Pandey Ashutosh K, Lu Lu, Wang Xusheng, Homayouni Ramin, Williams Robert W
UT Center for Integrative and Translational Genomics and Department of Anatomy and Neurobiology, University of Tennessee Health Science Center, Memphis, Tennessee, United States of America.
UT Center for Integrative and Translational Genomics and Department of Anatomy and Neurobiology, University of Tennessee Health Science Center, Memphis, Tennessee, United States of America ; St. Jude Children's Research Hospital, Memphis, Tennessee, United States of America.
PLoS One. 2014 Feb 11;9(2):e88889. doi: 10.1371/journal.pone.0088889. eCollection 2014.

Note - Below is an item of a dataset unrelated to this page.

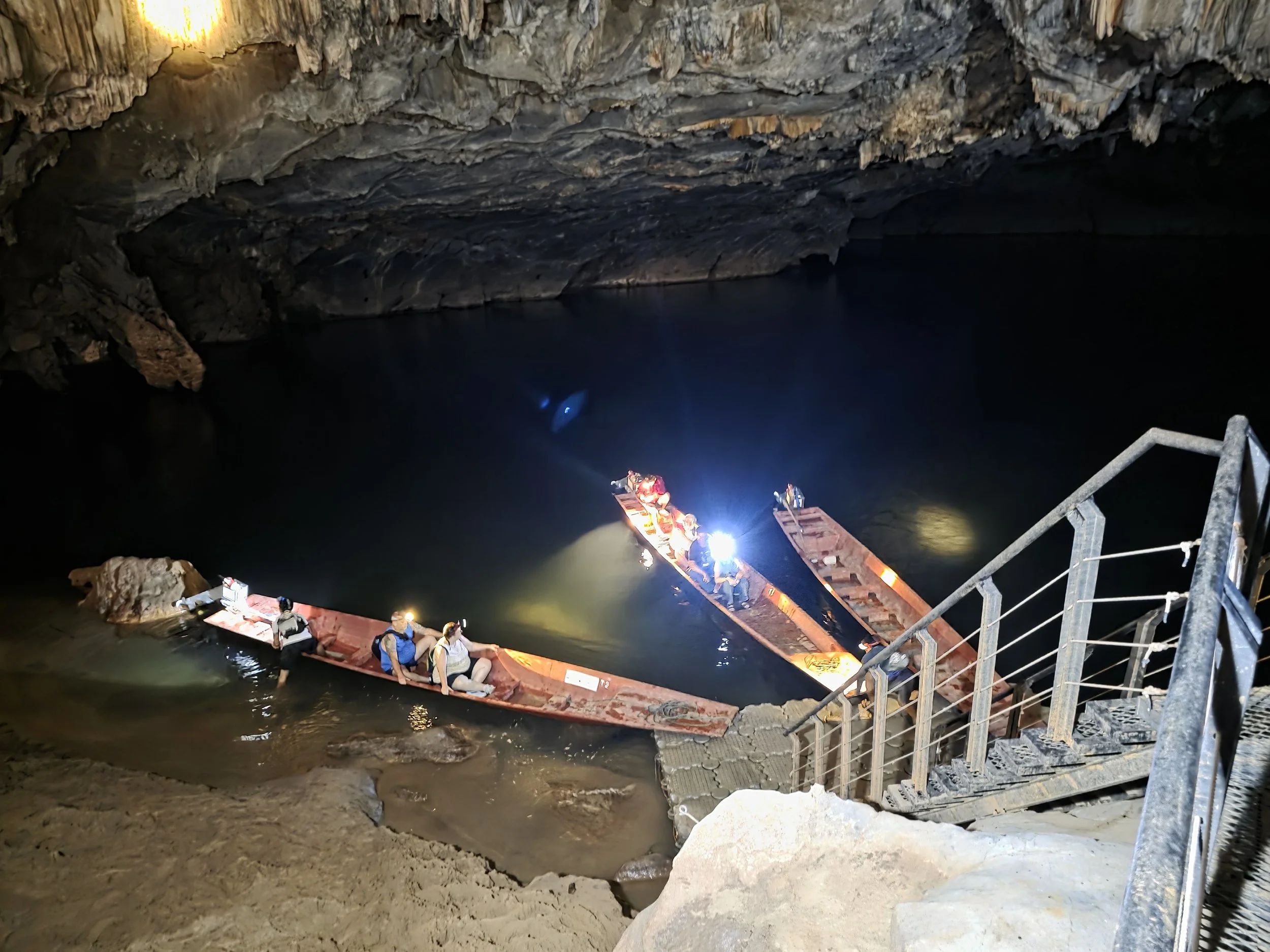 Une grotte avec un lac, un groupe de personnes en bateau éclairé par des lumières, vue depuis l'entrée de la grotte avec des escaliers en métal.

What proportion of genes with intense and selective expression in specific tissues, cells, or systems are still almost completely uncharacterized with respect to biological function? In what ways do these functionally enigmatic genes differ from well-studied genes? To address these two questions, we devised a computational approach that defines so-called ignoromes. As proof of principle, we extracted and analyzed a large subset of genes with intense and selective expression in brain. We find that publications associated with this set are highly skewed--the top 5% of genes absorb 70% of the relevant literature. In contrast, approximately 20% of genes have essentially no neuroscience literature. Analysis of the ignorome over the past decade demonstrates that it is stubbornly persistent, and the rapid expansion of the neuroscience literature has not had the expected effect on numbers of these genes. Surprisingly, ignorome genes do not differ from well-studied genes in terms of connectivity in coexpression networks. Nor do they differ with respect to numbers of orthologs, paralogs, or protein domains. The major distinguishing characteristic between these sets of genes is date of discovery, early discovery being associated with greater research momentum--a genomic bandwagon effect. Finally we ask to what extent massive genomic, imaging, and phenotype data sets can be used to provide high-throughput functional annotation for an entire ignorome. In a majority of cases we have been able to extract and add significant information for these neglected genes. In several cases--ELMOD1, TMEM88B, and DZANK1--we have exploited sequence polymorphisms, large phenome data sets, and reverse genetic methods to evaluate the function of ignorome genes.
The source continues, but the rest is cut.